Living in Britain we know that weather forecasts are not always correct. In October 1987, UK weather forecaster Michael Fish famously dismissed fears that a hurricane was on the way, only to be proved disastrously wrong just hours later.
In 2015 though, we have a much greater chance of choosing the appropriate clothing for the weather conditions. The UK’s Met Office says its four-day forecast is now as accurate as its one-day forecast was 30 years ago. These improvements have only come about after investing billions in better data gathering (satellites and weather stations), and in automated analytics through supercomputers, capable of carrying out one thousand million million calculations a second (that’s 10 to the power of 15)1.
One of the ways that the Met Office has improved its forecasting is by enlarging its data gathering through the WOW website (Weather Observations Website), which sources data directly from the public. In the future, this will collect data from devices that measure weather conditions such as cars, in line with developments in Internet of Things (IoT) technology.
The decisions facing civil servants are significantly more important to the over 64 million citizens of the UK than what clothing to wear for the weather conditions. Everyday decisions affect service provision, how citizens are kept safe, what welfare provision to provide, how to maximise tax yield, how to stop the Government from being defrauded, how to deliver services with less resources…..
Recent technological advances in Business Insight and Analytics have revolutionised the information that leaders can utilise to make decisions – turning decision-making from an art into a science. Capgemini undertook research with the Economist Intelligence Unit on “The Deciding Factor: Big Data and Decision-Making”, surveying 600 execs from across the industry. It showed on average a 26% improvement in business performance over the past three years due to automated decision-making, and an expectation that this will improve by 41% over the next three years.

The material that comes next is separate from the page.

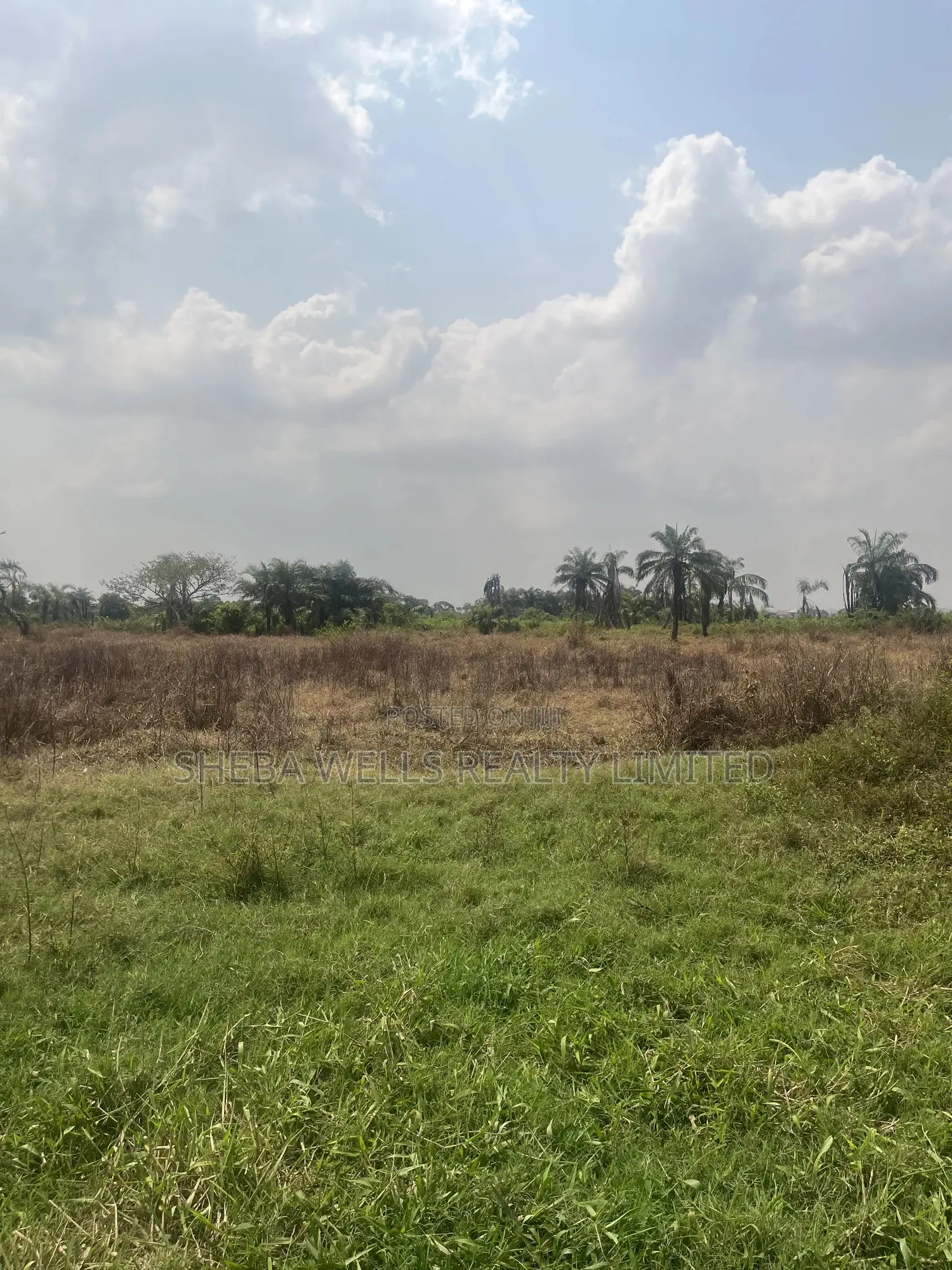 30 Acres Of Land For Sale In Isheri-north, Lagos State in Isheri North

The research also points to challenges facing Government Departments and Agencies in taking advantage of big data and decision making:
The biggest impediment to effective decision-making using big data, cited by 56% of survey respondents, is “organisational silos”. Data is trapped in ERP, CRM (customer relationship management) and SCM (supply chain management) systems.
The second major impediment to making better decisions with big data is the dearth of talented people to analyse it, mentioned by 51% of respondents. The vast majority (85%) of executives believe that the issue is not the growing volumes of data, but rather being able to analyse and act on data in real-time.
Capgemini forecasts that there are three ways that Government Departments and Agencies will look to address these challenges:
1. Integrated Data Lake: Integrating data platforms and external sources in order to enable better informed, agile decisions through a single view of the citizen
2. Flexible Platforms: Embracing new open source and proprietary software to optimise performance and develop more flexible solutions. This can also reduce the existing cost base by consolidating and/or decommissioning the legacy estate
3. Adaptable Analytics and BI: Embedding analytics decision making into the business and establishing an Insight Centre to drive world class insight.
These improvements should not be done in isolation. Government Departments will only truly become intelligence-led when analytics is embedded throughout their business processes, rather than being used in support. This is as much of a business transformation challenge as it is for technology and data improvement, with significant changes in organisational capability required.
Insight-driven decision-making certainly has a sunny outlook as long as the Public Sector can unlock the power of the data that they hold, by transforming their Business Insight and Analytics capabilities.